Russia’s invasion of Ukraine, which the Kremlin calls a “special military operation,” has overshadowed recent G20 meetings, including last week’s gathering of foreign ministers.
Indonesian Finance Minister Sri Mulyani Indrawati said the world had high hopes the group could find a solution to the threat of war, rising commodity prices and the spillover effects on the ability of low-income countries to repay debt.
“We are acutely aware that the cost of our failure to work together is more than we can afford.
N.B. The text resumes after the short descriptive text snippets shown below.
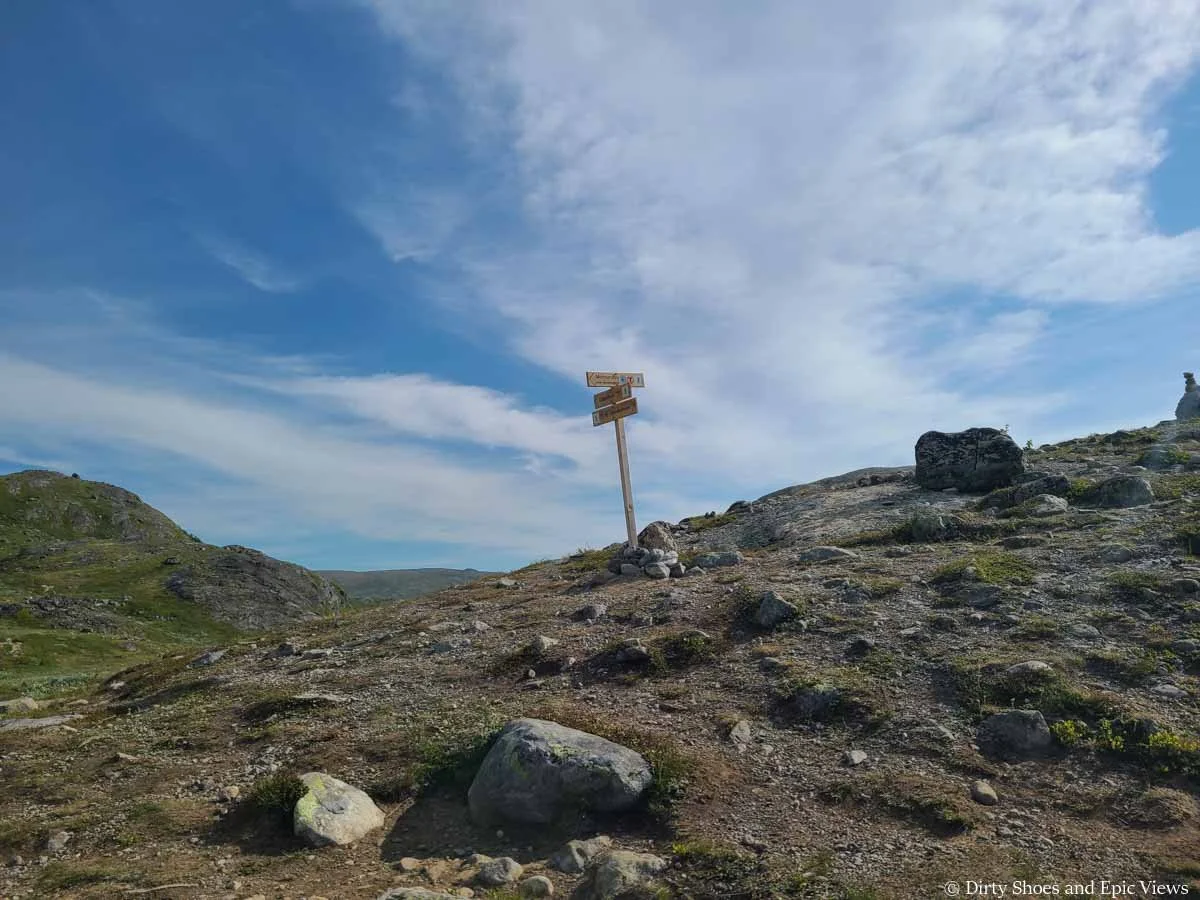 A trail sign marks a junction along the Besseggen Ridge hike in Norway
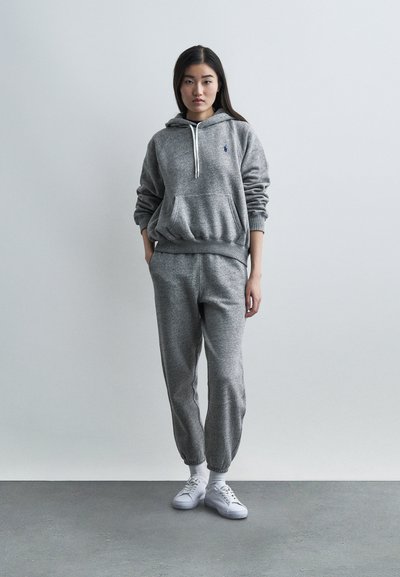 Γυναίκα που φοράει γκρι φούτερ με κουκούλα και αντίστοιχο παντελόνι φόρμας με λευκά αθλητικά παπούτσια, στέκεται μπροστά σε έναν απλό ανοιχτόχρωμο τοίχο.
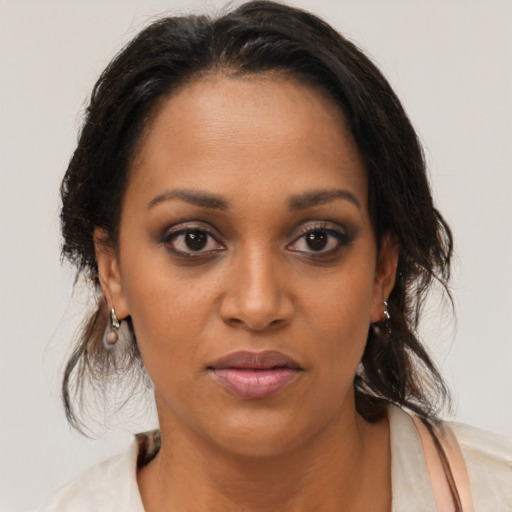 Joyful black young-adult female with medium  brown hair and brown eyes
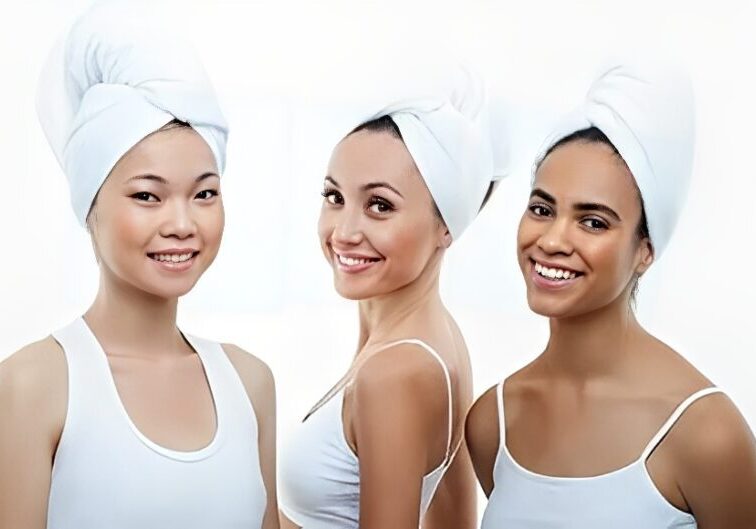 Three women smiling with towels on heads.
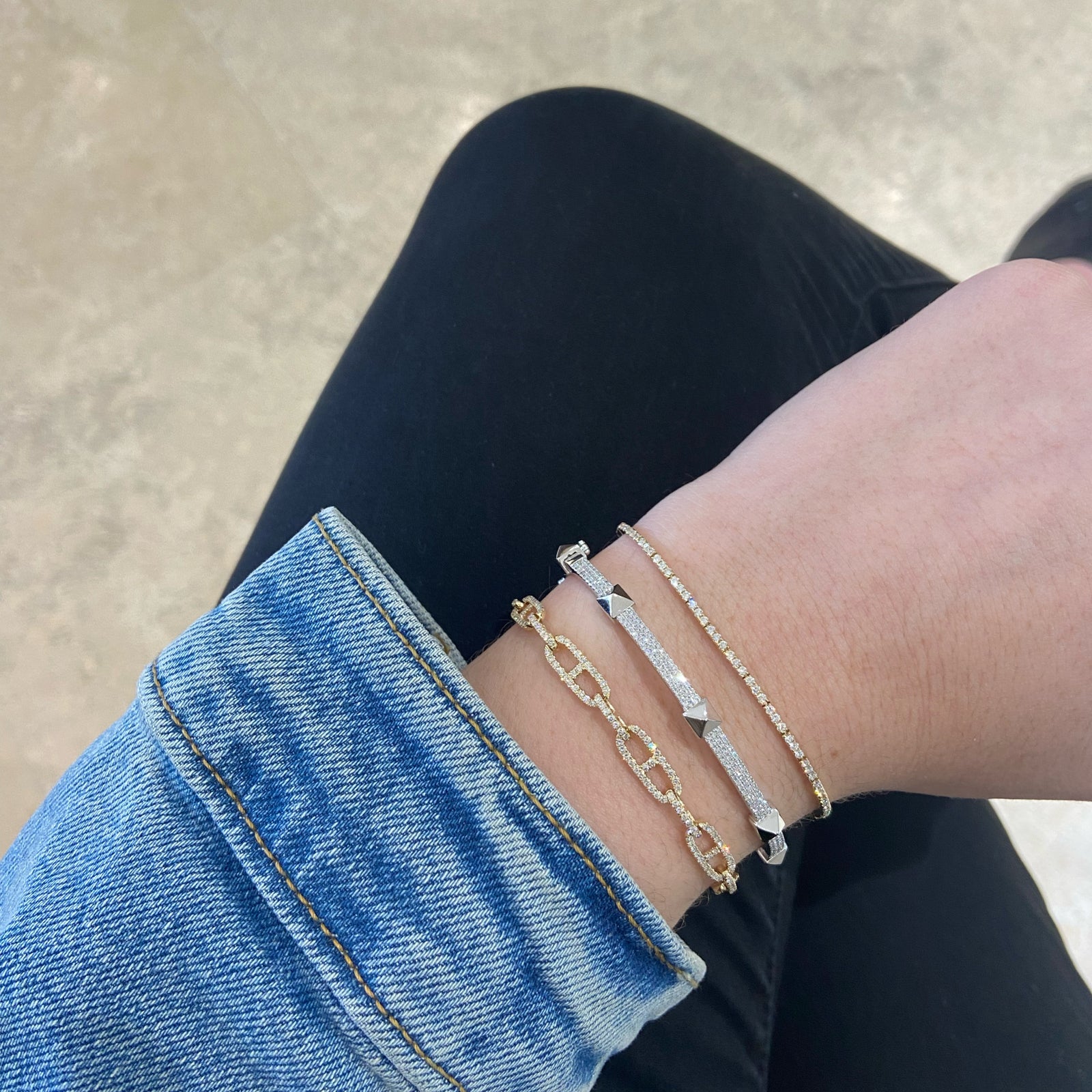 Diamond Pyramid Stud Bangle Bracelet  -14K gold weighing 10.79 grams  -315 round pave-set diamonds totaling 0.81 carats.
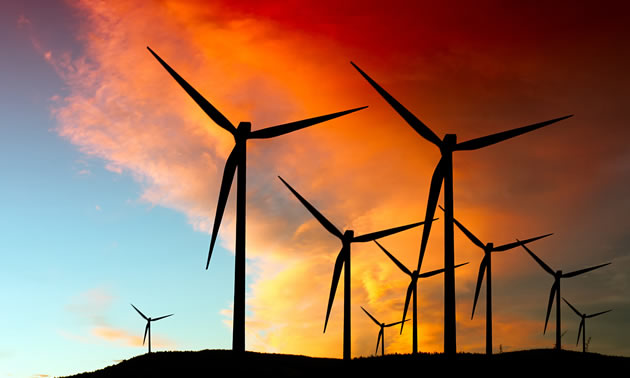 Picture of wind farm towers with beautiful sunset in background. 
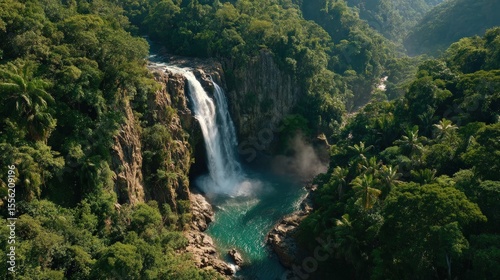 Aerial View of Waterfall in Costa Rican Rainforest with Tropical Birds and Morning Mist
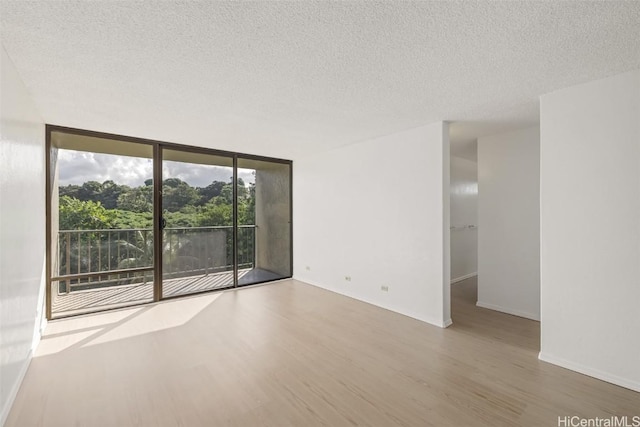 unfurnished room with a wall of windows, a textured ceiling, and hardwood / wood-style flooring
The humanitarian consequences for the world, and especially for many low income countries would be catastrophic,” she said.
G20 members include Western countries that have imposed sanctions on Russia and accuse it of war crimes in Ukraine — which Moscow denies — as well as nations like China, India and South Africa, which have been more muted in their responses.
Sri Mulyani called for G20 members to talk less about politics and “build bridges between each other” to deliver more technical decisions and concrete action.
Yellen said Russian finance officials at the meeting shared responsibility for the “horrific consequences” of the war.
“By starting this war, Russia is solely responsible for negative spillovers to the global economy, particularly higher commodity prices,” Yellen said.
Russian Deputy Finance Minister Timur Maksimov was attending the meetings in Bali, while Russian Finance Minister Anton Siluanov was participating virtually at the time, a source familiar with the matter said.
Maksimov addressed the gathering and there was no walk out by other leaders, the source said.
Western countries have repeatedly said there cannot be “business as usual” at the G20 meetings due to Russia’s presence.
Canadian Finance Minister Chrystia Freeland told Russian officials that she held them personally responsible for “war crimes” committed during Russia’s war, a Western official told Reuters.
Freeland, whose maternal grandparents were born in Ukraine, told the opening G20 session that the war was the “single biggest threat to the global economy right now,” the official said.
Russian Foreign Minister Sergei Lavrov walked out of one session of a G20 meeting with his counterparts in Bali last week, following what he called “frenzied criticism” of his country over the war.
That meeting ended without a communique nor any announcements of agreements.
Yellen said one of her key objectives was to push G20 creditors, including China, to finalize debt relief for countries in debt distress.